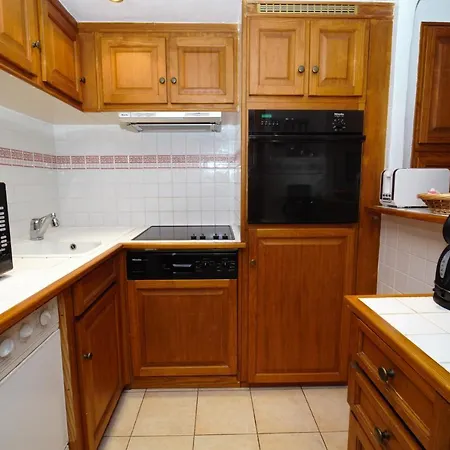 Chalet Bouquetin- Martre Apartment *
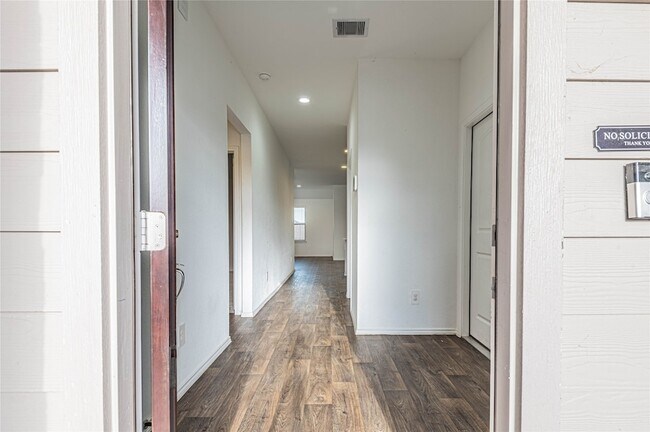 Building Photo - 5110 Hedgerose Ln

------------------------------------------------------------

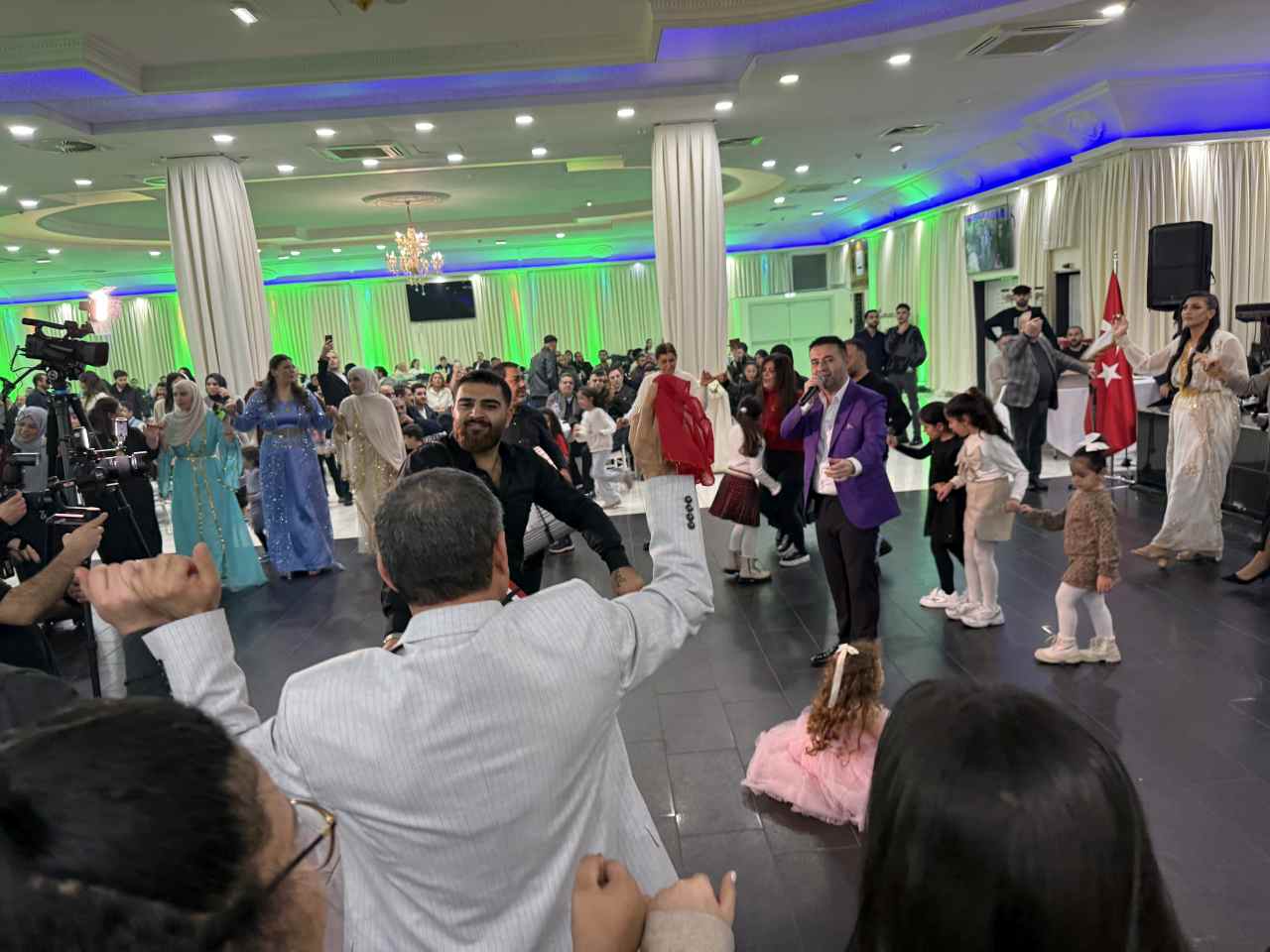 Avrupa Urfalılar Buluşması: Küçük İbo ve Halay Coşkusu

------------------------------------------------------------

[Task]
Output exactly the lines above that lie between the line with "Chalet Bouquetin- Martre Apartment *" and the line with "Building Photo - 5110 Hedgerose Ln", those two lines included, and no pictures.

[Exercise solution]
 Chalet Bouquetin- Martre Apartment *
 Building Photo - 5110 Hedgerose Ln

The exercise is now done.